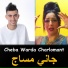 Cheba Warda Charlomanti feat. KACiMO BENNACER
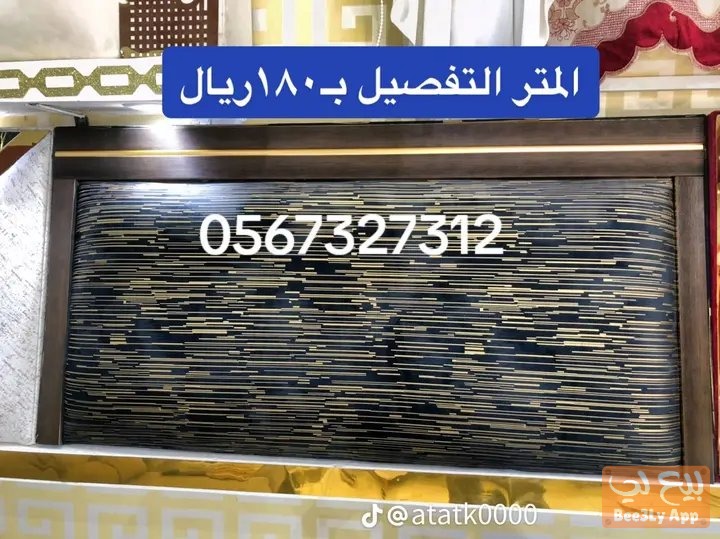 تفصيل وتنجيد جميع انواع الكنب 1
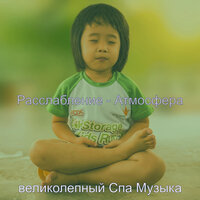 Впечатление (спа) - великолепный Спа Музыка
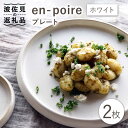 【ふるさと納税】【波佐見焼】en-poire プレート 2枚セット（ホワイト）【和山】[WB141 ]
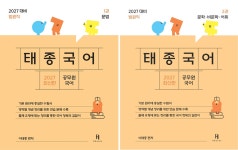 2027 법원직 태종국어 | 이태종 | 에이치북스 - 예스24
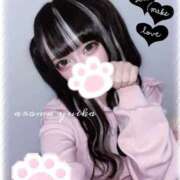 ヒメ日記 2026/01/30 07:22 投稿 ゆいか　スーパーアイドル系美少女 AROMA FACE NAKASU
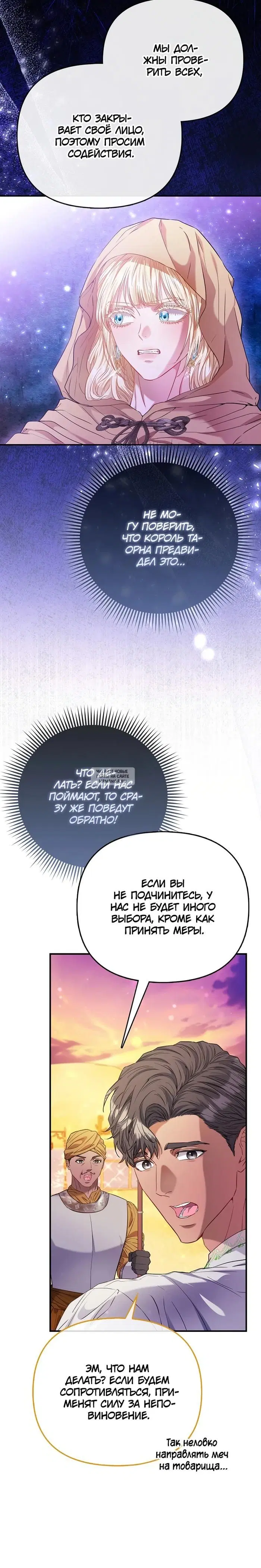 Page 30.000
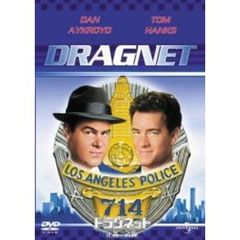 ドラグネット　正義一直線（ＤＶＤ）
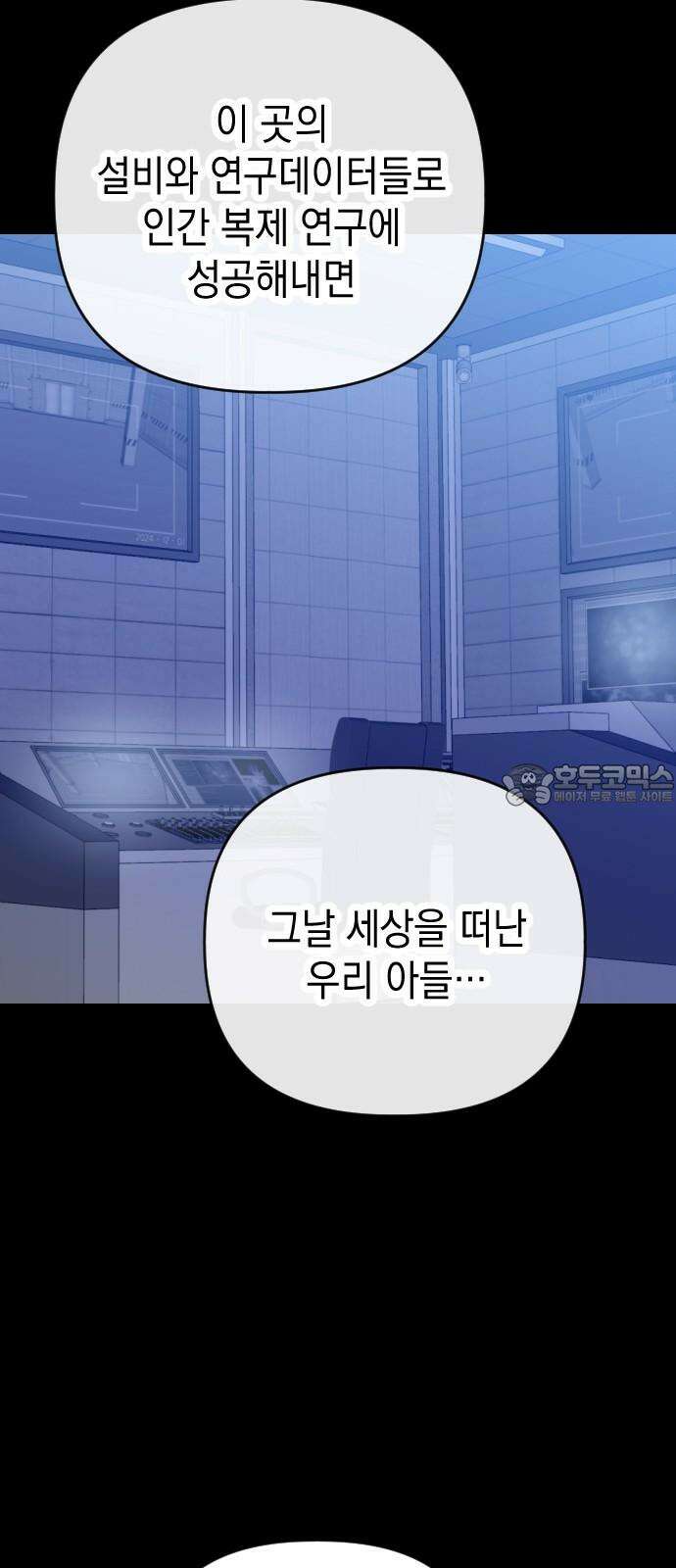 킬링킬러 141화 연구의 목적 (2) 24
- - -
Apart from the pictures, every line of the material above is to be returned word for word.

 Cheba Warda Charlomanti feat. KACiMO BENNACER
 تفصيل وتنجيد جميع انواع الكنب 1
 Впечатление (спа) - великолепный Спа Музыка
 【ふるさと納税】【波佐見焼】en-poire プレート 2枚セット（ホワイト）【和山】[WB141 ]
 2027 법원직 태종국어 | 이태종 | 에이치북스 - 예스24
 ヒメ日記 2026/01/30 07:22 投稿 ゆいか　スーパーアイドル系美少女 AROMA FACE NAKASU
 Page 30.000
 ドラグネット　正義一直線（ＤＶＤ）
 킬링킬러 141화 연구의 목적 (2) 24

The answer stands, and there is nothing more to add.